[[ Records supplied open ]]

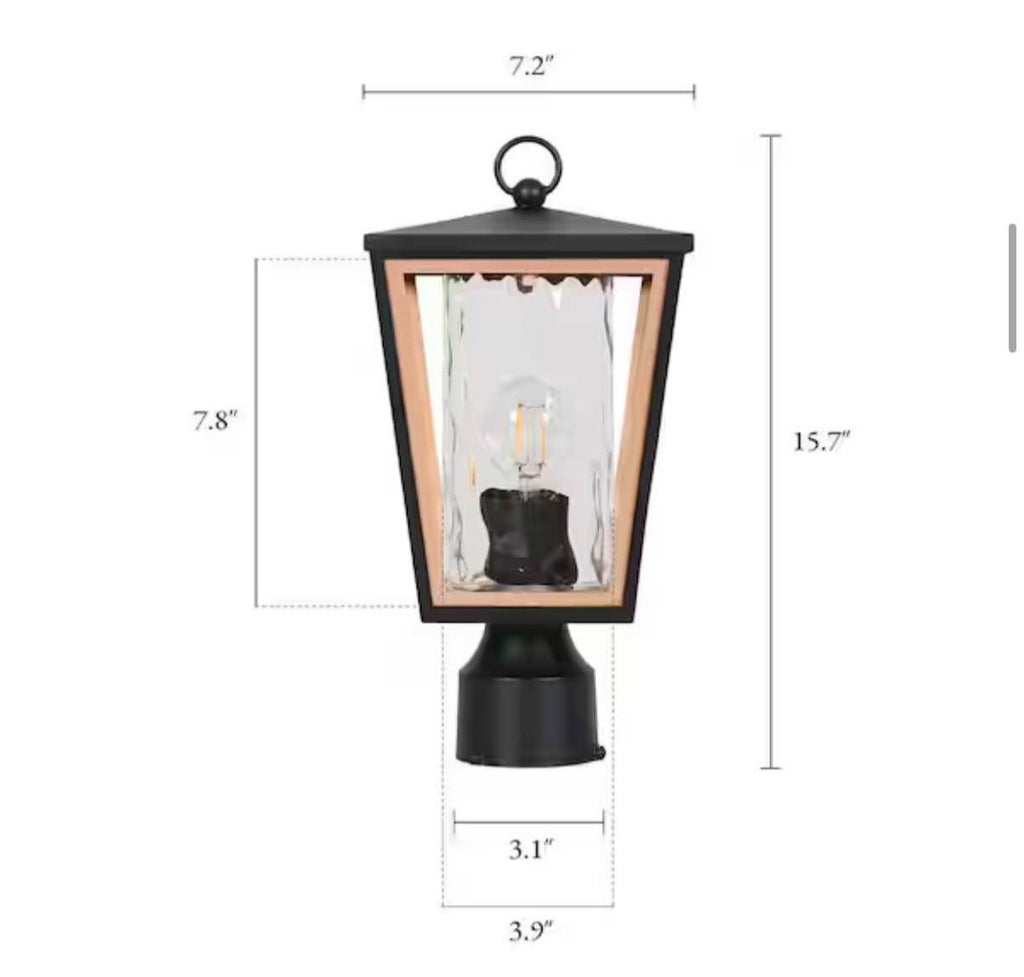 Modern 15.7 in. 1-Light Black Gold Metal Outdoor Post Light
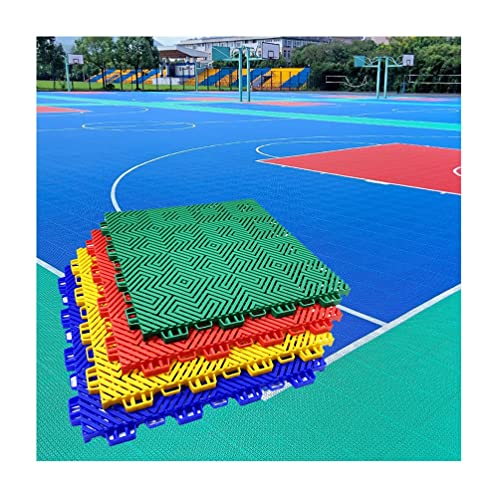 WTLONBF 30,5 cm modulare ineinander greifende Bodenfliesen, wetterfeste Sportböden für den Innen- und Außenbereich, für Basketballplätze, Tennisplätze, Kindergärten, Orange, 10 Stück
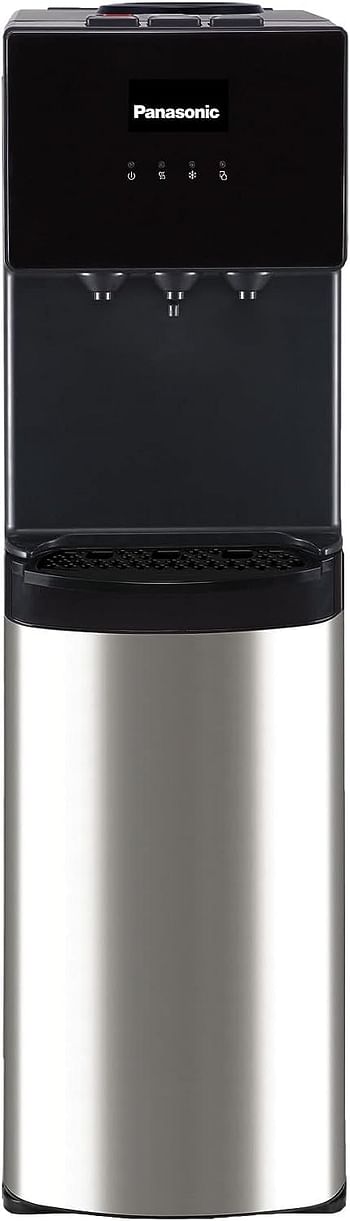 Panasonic Top Loading Water Dispenser, SDM-WD3238TG, Black/ Stainless Steel Finish, 2L Cabinet Storage, Best for Home Kitchen & Office, Hot Cold & Normal.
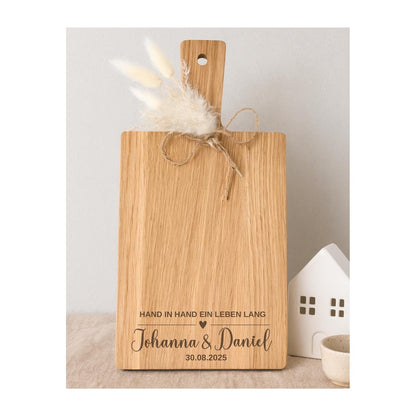 Personalisiertes Hochzeitsgeschenk | Schneidebrett mit Namen und Datum | Brautpaar | Geldgeschenk Idee | Geschenk Hochzeit | Einzug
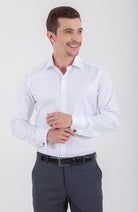 Regular Fit French Cuff Cotton White Dress Shirt - SAYKI
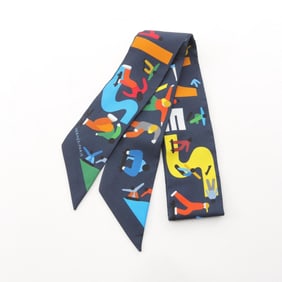 Hermes Hermès Twilly Figures Libres Silk Scarf for Women, Navy/Multicolor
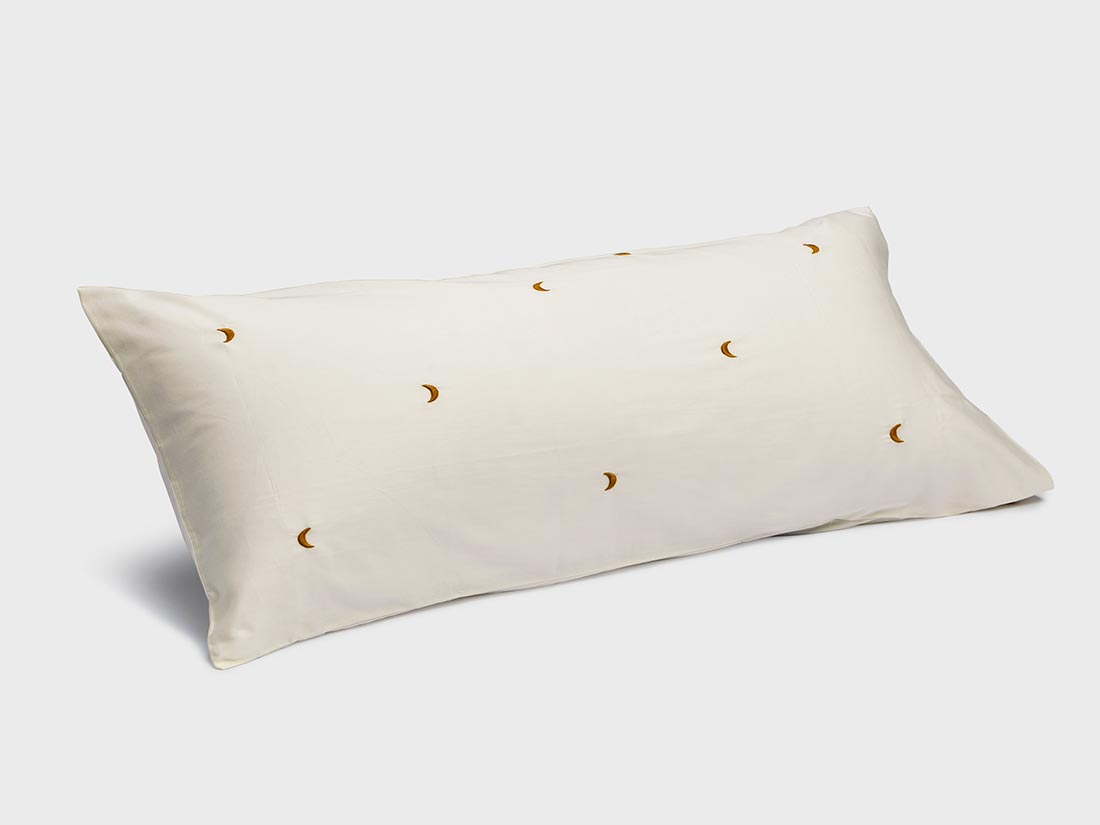 Kissenbezug Baumwollsatin Warm White/Ochre Moon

[[ Records supplied closed ]]

Work order: Pictures must be left out when the records are transcribed exactly.

Answer section:
 Modern 15.7 in. 1-Light Black Gold Metal Outdoor Post Light
 WTLONBF 30,5 cm modulare ineinander greifende Bodenfliesen, wetterfeste Sportböden für den Innen- und Außenbereich, für Basketballplätze, Tennisplätze, Kindergärten, Orange, 10 Stück
 Panasonic Top Loading Water Dispenser, SDM-WD3238TG, Black/ Stainless Steel Finish, 2L Cabinet Storage, Best for Home Kitchen & Office, Hot Cold & Normal.
 Personalisiertes Hochzeitsgeschenk | Schneidebrett mit Namen und Datum | Brautpaar | Geldgeschenk Idee | Geschenk Hochzeit | Einzug
 Regular Fit French Cuff Cotton White Dress Shirt - SAYKI
 Hermes Hermès Twilly Figures Libres Silk Scarf for Women, Navy/Multicolor
 Kissenbezug Baumwollsatin Warm White/Ochre Moon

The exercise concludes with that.